Symbol table operations
This describes functions for symbol table operations.
Each FST arc has an input (
ilabel
) and output (
olabel
) label. Symbol tables
can be used to map between these labels and actual strings (which may be bytes,
Unicode codepoints, phones, words, etc.). See the
symbol table documentation
for more information.
fst::MergeSymbols
The function
fst::MergeSymbols
takes two mutable FST arguments and an enum
specifying how the tables are to be merged:
-
MERGE_INPUT_SYMBOLS
: merges the input tables of the input FSTs.
-
MERGE_OUTPUT_SYMBOLS
: merges the output tables of the input FSTs.
-
MERGE_INPUT_AND_OUTPUT_SYMBOLS
: merges both input and output tables of the input FSTs (i.e., for intersection, union, etc.).
-
MERGE_LEFT_OUTPUT_AND_RIGHT_INPUT_SYMBOLS
: merges the left-hand side's input symbols with the right-hand side's output symbols (e.g., for composition).
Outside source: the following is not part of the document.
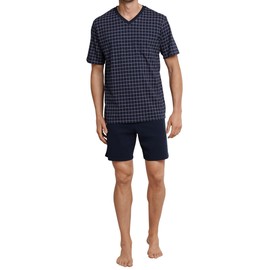 Schiesser Men's Pyjamas, Short, V-Neck, Nightwear Set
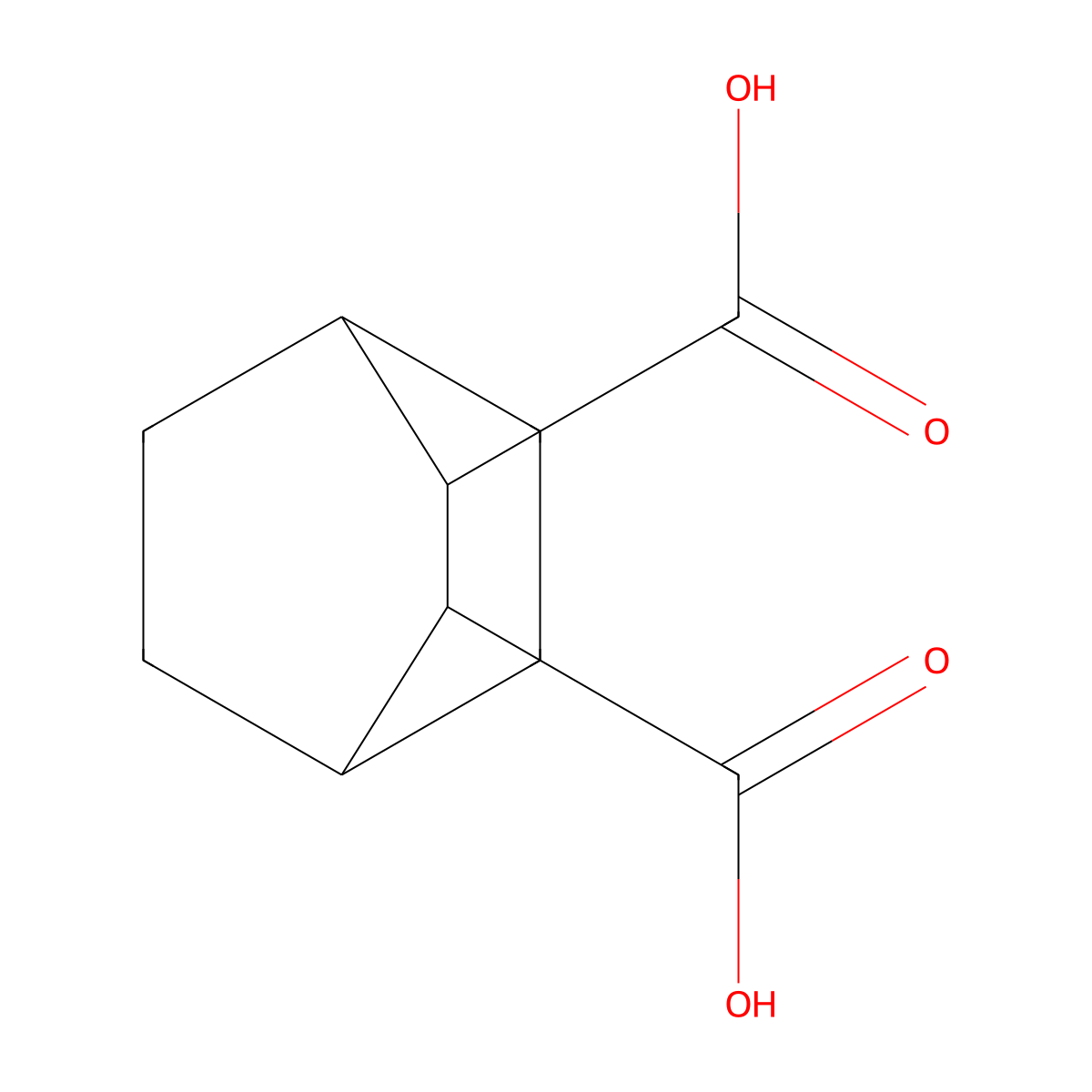 Bicyclo[2.2.2]octane-2,3-dicarboxylic acid molecular structure, CAS 6303-66-8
Asked to merge two tables (which themselves may be null), the algorithm proceeds
as follows:
- If one or both both tables are null, do no work.
- If the tables' ("labeled") checksums match, do not work.
- Otherwise, merge the two tables by adding symbols from the first to the second table, and the second table to the first.
Only in the last case is there the possibility of a labeling conflict (i.e., the
two tables map separate labels to the same symbol, or separate symbols to the
same label). In the case of conflict, the second FST may require relabeling. The
fst::MergeSymbols
function does this automatically so long as the flag
--fst_relabel_symbol_conflicts
is set to true (the default). However, if
relabeling is required to resolve a conflict but this flag is set to false,
fst::MergeSymbols
logs a warning and returns false to indicate failure.
Symbol table merging in Pynini
The above function is used extensively in Pynini to ensure symbol table
compatibility for core rational operations like composition, intersection, and
union. This is done automatically.